▶ Available data
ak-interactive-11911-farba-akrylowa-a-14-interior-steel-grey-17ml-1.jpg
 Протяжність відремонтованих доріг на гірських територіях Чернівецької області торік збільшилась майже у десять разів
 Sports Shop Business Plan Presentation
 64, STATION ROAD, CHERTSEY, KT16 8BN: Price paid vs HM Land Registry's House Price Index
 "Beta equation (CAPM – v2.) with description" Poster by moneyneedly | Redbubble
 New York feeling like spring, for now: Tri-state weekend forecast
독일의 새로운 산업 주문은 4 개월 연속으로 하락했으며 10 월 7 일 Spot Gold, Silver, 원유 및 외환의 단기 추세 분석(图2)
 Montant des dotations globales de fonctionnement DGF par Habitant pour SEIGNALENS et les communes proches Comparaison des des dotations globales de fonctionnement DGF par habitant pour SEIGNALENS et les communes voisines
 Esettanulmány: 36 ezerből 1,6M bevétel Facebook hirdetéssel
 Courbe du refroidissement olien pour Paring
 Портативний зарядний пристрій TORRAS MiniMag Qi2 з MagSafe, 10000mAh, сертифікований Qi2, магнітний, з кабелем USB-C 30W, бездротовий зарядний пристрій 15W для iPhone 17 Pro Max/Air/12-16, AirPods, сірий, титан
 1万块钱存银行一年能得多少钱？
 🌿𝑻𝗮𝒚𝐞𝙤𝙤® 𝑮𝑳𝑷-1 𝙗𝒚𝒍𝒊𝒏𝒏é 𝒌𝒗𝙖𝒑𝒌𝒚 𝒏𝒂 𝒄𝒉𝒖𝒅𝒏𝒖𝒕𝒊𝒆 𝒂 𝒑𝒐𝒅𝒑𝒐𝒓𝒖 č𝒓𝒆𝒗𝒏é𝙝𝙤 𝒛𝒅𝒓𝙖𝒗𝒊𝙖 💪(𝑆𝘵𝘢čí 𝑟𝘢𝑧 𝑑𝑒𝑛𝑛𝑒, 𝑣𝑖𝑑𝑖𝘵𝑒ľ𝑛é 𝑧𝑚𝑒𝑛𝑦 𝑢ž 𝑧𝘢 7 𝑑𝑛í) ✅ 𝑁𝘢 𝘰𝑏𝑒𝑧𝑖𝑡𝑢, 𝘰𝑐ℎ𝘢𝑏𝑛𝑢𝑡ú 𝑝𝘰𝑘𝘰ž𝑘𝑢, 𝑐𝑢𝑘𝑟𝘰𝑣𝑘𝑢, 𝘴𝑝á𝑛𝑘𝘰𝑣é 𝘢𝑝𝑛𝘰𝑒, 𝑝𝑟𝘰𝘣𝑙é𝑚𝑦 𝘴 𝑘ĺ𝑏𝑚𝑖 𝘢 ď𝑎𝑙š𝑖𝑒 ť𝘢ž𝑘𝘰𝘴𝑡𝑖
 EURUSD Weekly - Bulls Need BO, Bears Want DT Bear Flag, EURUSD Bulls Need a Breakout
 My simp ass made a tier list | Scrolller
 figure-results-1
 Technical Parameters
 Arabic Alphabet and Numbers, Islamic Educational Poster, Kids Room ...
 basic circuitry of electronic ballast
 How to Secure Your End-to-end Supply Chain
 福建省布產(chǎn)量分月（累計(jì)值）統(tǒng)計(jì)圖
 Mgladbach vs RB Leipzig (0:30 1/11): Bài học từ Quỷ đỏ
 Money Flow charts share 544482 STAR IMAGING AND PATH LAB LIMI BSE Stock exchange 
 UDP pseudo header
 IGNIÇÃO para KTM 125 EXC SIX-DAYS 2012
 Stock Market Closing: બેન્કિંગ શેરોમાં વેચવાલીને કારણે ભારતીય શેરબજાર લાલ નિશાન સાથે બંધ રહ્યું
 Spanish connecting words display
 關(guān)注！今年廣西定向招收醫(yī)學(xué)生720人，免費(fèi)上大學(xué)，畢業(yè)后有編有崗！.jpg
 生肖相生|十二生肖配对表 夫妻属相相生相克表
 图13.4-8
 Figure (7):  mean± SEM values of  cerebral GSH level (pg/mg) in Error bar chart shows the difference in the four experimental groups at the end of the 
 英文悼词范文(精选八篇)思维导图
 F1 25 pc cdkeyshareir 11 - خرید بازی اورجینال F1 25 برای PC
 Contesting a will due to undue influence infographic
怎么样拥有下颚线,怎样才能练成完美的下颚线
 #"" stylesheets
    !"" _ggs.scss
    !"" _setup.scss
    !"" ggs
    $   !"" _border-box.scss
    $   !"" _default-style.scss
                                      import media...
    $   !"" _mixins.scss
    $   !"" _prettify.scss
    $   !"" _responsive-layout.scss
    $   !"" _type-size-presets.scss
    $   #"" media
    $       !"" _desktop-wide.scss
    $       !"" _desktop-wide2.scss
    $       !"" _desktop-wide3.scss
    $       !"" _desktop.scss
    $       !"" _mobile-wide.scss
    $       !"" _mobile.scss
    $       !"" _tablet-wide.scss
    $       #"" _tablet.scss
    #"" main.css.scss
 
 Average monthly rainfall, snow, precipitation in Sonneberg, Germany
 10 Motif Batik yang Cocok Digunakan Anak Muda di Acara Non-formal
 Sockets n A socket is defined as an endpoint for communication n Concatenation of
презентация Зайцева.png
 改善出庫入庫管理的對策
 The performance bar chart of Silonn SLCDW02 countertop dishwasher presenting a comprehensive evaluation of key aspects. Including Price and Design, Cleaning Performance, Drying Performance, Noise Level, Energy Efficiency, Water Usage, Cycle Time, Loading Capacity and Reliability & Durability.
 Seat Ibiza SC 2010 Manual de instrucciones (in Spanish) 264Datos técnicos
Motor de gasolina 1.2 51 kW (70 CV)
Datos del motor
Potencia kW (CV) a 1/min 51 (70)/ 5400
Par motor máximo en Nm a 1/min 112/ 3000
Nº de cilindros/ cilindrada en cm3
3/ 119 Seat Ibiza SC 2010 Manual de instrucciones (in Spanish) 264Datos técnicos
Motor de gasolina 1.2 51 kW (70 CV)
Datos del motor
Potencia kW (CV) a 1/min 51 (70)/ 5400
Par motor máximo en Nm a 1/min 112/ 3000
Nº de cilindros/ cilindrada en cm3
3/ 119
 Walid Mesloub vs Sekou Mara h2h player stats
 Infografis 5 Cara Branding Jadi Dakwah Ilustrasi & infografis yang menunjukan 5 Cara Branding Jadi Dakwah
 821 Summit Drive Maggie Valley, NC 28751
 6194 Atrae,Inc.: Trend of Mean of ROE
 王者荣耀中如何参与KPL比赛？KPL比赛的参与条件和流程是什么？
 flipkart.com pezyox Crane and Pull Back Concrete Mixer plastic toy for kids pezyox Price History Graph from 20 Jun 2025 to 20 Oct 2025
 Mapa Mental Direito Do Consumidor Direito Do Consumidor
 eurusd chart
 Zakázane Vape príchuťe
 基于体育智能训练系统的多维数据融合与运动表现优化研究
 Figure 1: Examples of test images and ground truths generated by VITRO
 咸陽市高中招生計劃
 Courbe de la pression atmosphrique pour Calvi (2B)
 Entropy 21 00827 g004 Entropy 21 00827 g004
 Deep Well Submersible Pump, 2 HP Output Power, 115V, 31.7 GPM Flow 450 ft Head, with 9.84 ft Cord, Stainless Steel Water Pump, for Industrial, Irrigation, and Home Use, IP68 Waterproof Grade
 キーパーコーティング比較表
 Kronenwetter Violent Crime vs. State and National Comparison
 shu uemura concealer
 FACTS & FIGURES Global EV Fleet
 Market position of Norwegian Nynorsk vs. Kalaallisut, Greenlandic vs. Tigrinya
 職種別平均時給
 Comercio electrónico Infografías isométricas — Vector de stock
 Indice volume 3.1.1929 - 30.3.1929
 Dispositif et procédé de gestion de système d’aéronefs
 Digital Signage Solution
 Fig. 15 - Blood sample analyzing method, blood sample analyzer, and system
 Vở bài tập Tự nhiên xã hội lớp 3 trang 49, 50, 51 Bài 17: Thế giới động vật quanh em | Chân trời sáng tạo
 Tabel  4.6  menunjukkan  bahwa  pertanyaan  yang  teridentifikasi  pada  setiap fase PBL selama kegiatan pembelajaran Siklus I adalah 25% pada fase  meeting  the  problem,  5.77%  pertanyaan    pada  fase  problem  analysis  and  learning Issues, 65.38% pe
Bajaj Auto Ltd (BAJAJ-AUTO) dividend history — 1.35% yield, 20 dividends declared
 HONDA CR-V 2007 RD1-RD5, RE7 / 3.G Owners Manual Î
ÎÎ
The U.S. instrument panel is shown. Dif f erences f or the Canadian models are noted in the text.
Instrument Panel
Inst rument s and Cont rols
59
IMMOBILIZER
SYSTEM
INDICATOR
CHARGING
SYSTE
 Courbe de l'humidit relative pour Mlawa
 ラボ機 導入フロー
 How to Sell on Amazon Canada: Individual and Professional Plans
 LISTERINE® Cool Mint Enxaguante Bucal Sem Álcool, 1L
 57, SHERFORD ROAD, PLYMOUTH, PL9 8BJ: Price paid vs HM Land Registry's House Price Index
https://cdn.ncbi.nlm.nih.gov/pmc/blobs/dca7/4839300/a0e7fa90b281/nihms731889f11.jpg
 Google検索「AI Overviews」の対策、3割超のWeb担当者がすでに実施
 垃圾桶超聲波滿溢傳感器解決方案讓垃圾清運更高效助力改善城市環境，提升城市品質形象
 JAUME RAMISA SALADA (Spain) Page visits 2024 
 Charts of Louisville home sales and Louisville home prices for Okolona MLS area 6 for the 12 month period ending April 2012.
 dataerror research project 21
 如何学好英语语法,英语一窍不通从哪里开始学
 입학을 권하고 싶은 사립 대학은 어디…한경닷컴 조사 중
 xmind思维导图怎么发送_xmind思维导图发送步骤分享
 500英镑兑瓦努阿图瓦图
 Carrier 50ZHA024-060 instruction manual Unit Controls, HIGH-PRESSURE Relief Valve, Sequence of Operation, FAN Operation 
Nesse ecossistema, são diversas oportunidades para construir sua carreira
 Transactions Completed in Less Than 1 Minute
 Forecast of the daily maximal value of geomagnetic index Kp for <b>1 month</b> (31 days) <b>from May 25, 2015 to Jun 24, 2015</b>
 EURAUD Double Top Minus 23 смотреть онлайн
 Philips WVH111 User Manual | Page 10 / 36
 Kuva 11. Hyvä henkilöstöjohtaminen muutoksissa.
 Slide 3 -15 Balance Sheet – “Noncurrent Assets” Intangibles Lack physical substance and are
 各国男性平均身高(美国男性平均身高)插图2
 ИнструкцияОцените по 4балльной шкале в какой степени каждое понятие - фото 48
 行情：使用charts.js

▶ What needs to be done
Please reproduce exactly the lines in the listing above from the one containing "eurusd chart" through the one containing "Entropy 21 00827 g004 Entropy 21 00827 g004", both included, and nothing more.

▶ Your solution
 eurusd chart
 Zakázane Vape príchuťe
 基于体育智能训练系统的多维数据融合与运动表现优化研究
 Figure 1: Examples of test images and ground truths generated by VITRO
 咸陽市高中招生計劃
 Courbe de la pression atmosphrique pour Calvi (2B)
 Entropy 21 00827 g004 Entropy 21 00827 g004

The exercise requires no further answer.